Kısmi sınırlama bulunan diğer ülkelerle ise mevcut ihracat-ithalat kapasitenin
çok üstünde frekans hakkımız mevcuttur.
Dünyada
hava kargo sektöründeki gelişmeler Türkiye’ye nasıl yansıyor? Türkiye bugün
hava kargo potansiyelinin yüzde kaçını kullanabiliyor?
Uluslararası
Sivil Havacılık Organizasyonu (ICAO) tarafından 2016'da yük trafiğinde %4.4
büyüme yaşanacağı kaydedilmiştir. Boeing tarafından yapılan araştırmaya göre
de; hava kargo trafiğinin önümüzdeki 20 yıl boyunca her yıl %4,7 büyüyeceği
öngörülmektedir.

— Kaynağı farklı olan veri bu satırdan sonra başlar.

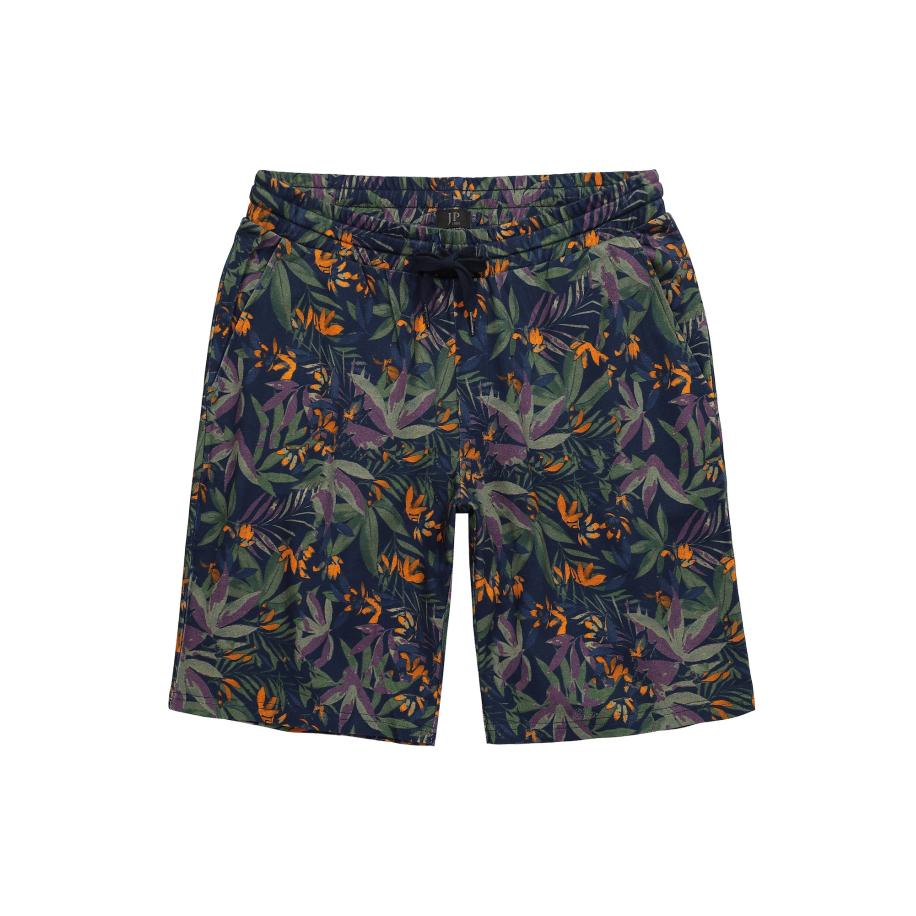 JP1880 JP1880 Broek navy / grasgroen / lila / donkeroranje -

Türkiye’nin kıtalararası coğrafi konumu özellikle lojistik
sektörü açısından büyük avantajları beraberinde getirmektedir. Diğer taraftan
havaalanları başta olmak üzere son dönemde yapılan yatırımlar hızla
artmaktadır. Yerli havayolu taşıyıcılarımızın filolarına dahil ettikleri yeni
uçaklarla kargo kapasitesi artarken, kargo uçuşu yapılan destinasyonlara
yenileri eklenmektedir.
Bu
gelişmelere rağmen havayolu kargo taşımacılığı kapasitesinin henüz %56’sının
kullanıldığını söyleyebiliriz. Dünyanın pek çok ülkesine kargo seferi
düzenlenmesi konusunda engel bulunmamaktadır. Dolayısı ile ülke ekonomisindeki
gelişmeler ve ticaret hacminin büyümesine paralel olarak bu kapasitenin
kullanımı daha da artacaktır.
‘GÜVENLİ KARGO’ PROJESİ
IATA
ile birlikte hayata geçirilmesi planlanan Güvenli Kargo Projesi, hava kargo
hizmetlerinde hız, maliyet ve güvenliğe nasıl yansıyacak?
Bilindiği
üzere, Uluslararası Havayolu Taşımacıları Birliği (IATA) ile 2013 yılında
“Güvenli Kargo Projesi”ne ilişkin bir protokol imzalanmıştır. Bu, IATA ile
Türkiye arasında yürütülmekte olan önemli projelerden biridir. Havalimanları ve
ulusal mevzuatların öncelikle AB ile uyumlu hale getirilmesinin bir sonucu
olarak, “Güvenli Kargo” projesinin hayata geçmesi ile birlikte ülkemizde
üretilen ürünlerin nakliyesi havalimanlarında güvenlik taramasına maruz
kalmayacaktır. Bu sayede kargolar daha hızlı hareket ederek ciddi anlamda zaman
ve maddi kaybın önüne geçilmesi amaçlanmıştır.
Havalimanı
ve ulusal mevzuatlar AB ile uyumlu hale getirilerek, Türkiye’deki bir fabrikada
üretilen malzeme nakliyesi boyunca uğradığı her havalimanında güvenlik
taramasına maruz kalmayacaktır. Böylece kargolar daha hızlı hareket ederek,
zaman ve maddi kaybın önüne geçilecek ve kargoların kesintisiz akışını
sağlanacaktır. Bu proje kapsamında bilinen gönderici (known consignor) ve
yetkili acente (regulated agent) sistemi ile güvenli kargo tedarik zincirinin
gerçekleştirilmesi amaçlanmaktadır. Bu sayede kargo, üretildiği yerde, çıkış
noktasında güvenli hale getirilecek ve havalimanında taramaya tabi tutulmadan
direk uçağa yüklenebilecektir.
Hava
kargo sektörünün mevcut sorunları ve bunlara yönelik çözüm önerileriniz neler?
Hava
kargo taşımacılığında maliyet, altyapı, lojistik süreçlerindeki iyileştirmeler
gerçekleştirildiği takdirde hava kargo taşımacılığında kullanılmayan
kapasitenin de değerlendirilmesi mümkün olabilecektir. Ticaret hacmi ve gümrük
uygulamaları havayolu ile kargo taşımacılığının daha da gelişmesi için temel
bileşenler olup, bu alanlarda kaydedilecek ilerleme havayolu ile yük
taşımacılığının artmasında lokomotif bir etki oluşturacaktır.